**Work instructions:** Reproduce everything from the line that contains "Snapchat text message number" down to the line that contains "krishna tulsi - 20 seed balls" in the listing below, word for word and nothing more. Leave the pictures out.

**Source material:**
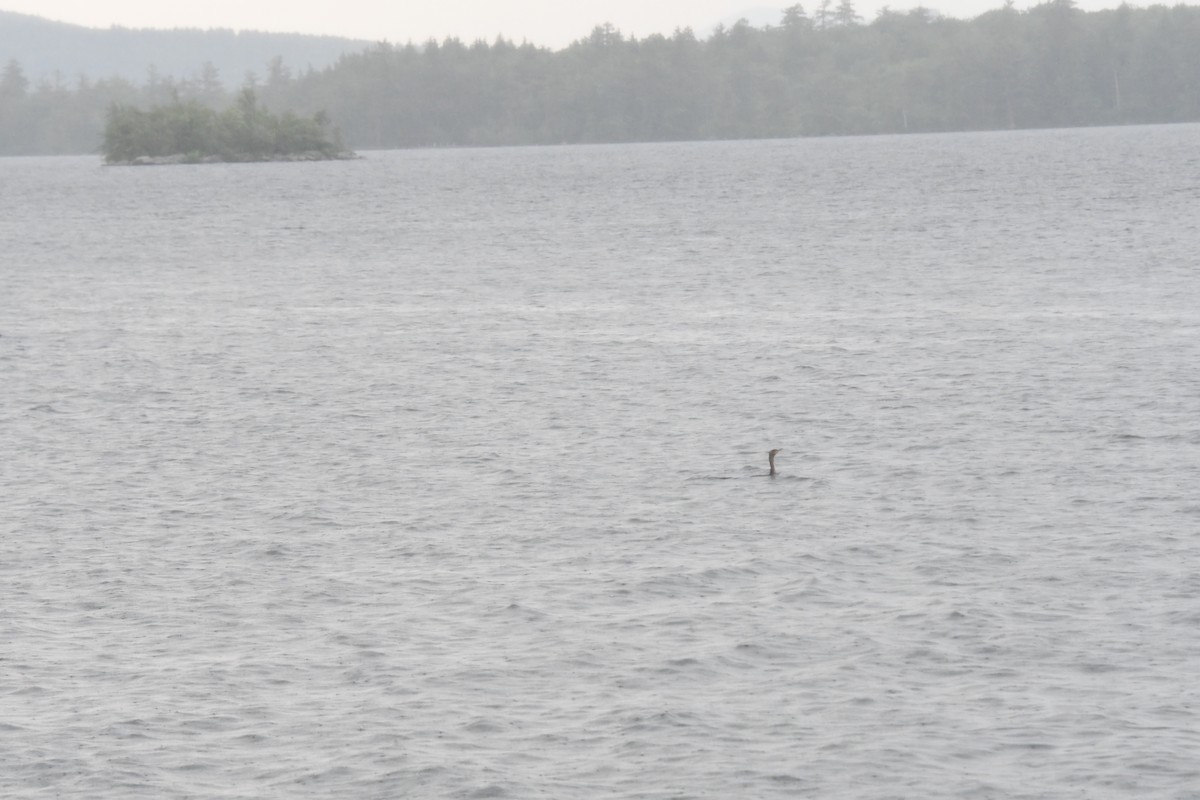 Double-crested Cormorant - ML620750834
* * *
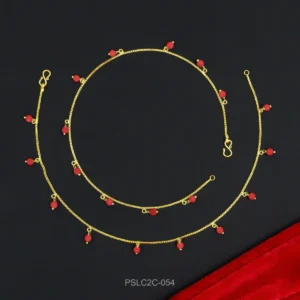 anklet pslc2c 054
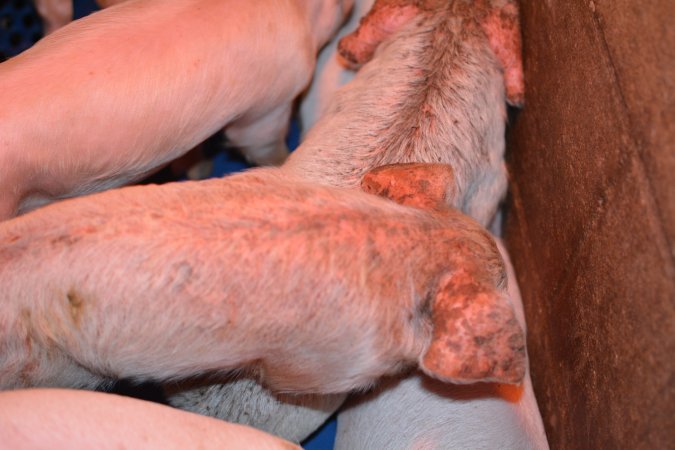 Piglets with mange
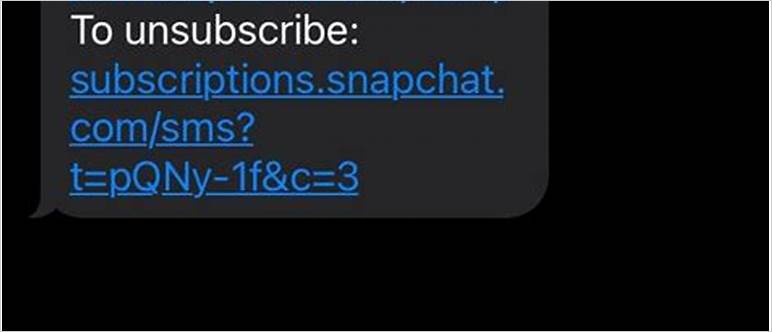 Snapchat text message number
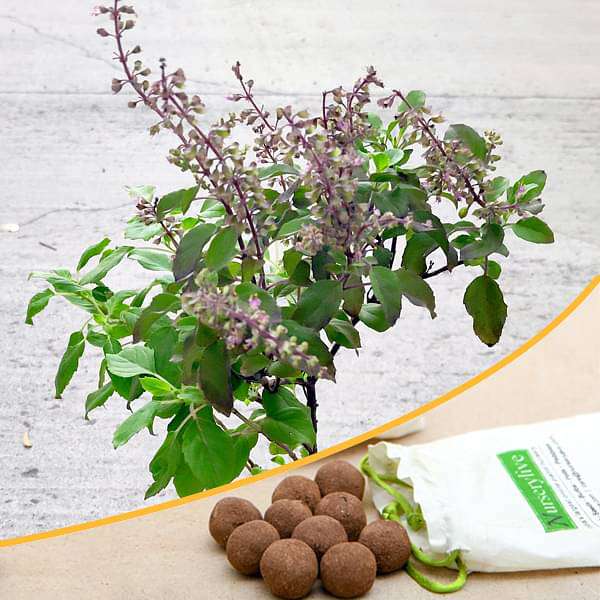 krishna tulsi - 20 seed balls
* * *
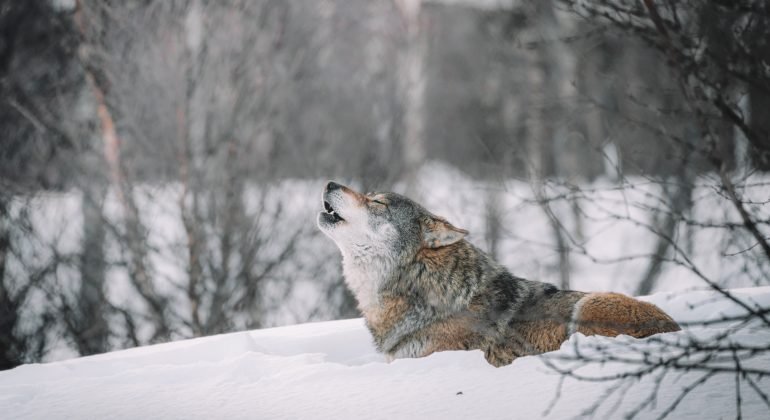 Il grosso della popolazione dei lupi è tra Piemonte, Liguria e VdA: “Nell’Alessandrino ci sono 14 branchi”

**Exercise result:**
 Snapchat text message number
 krishna tulsi - 20 seed balls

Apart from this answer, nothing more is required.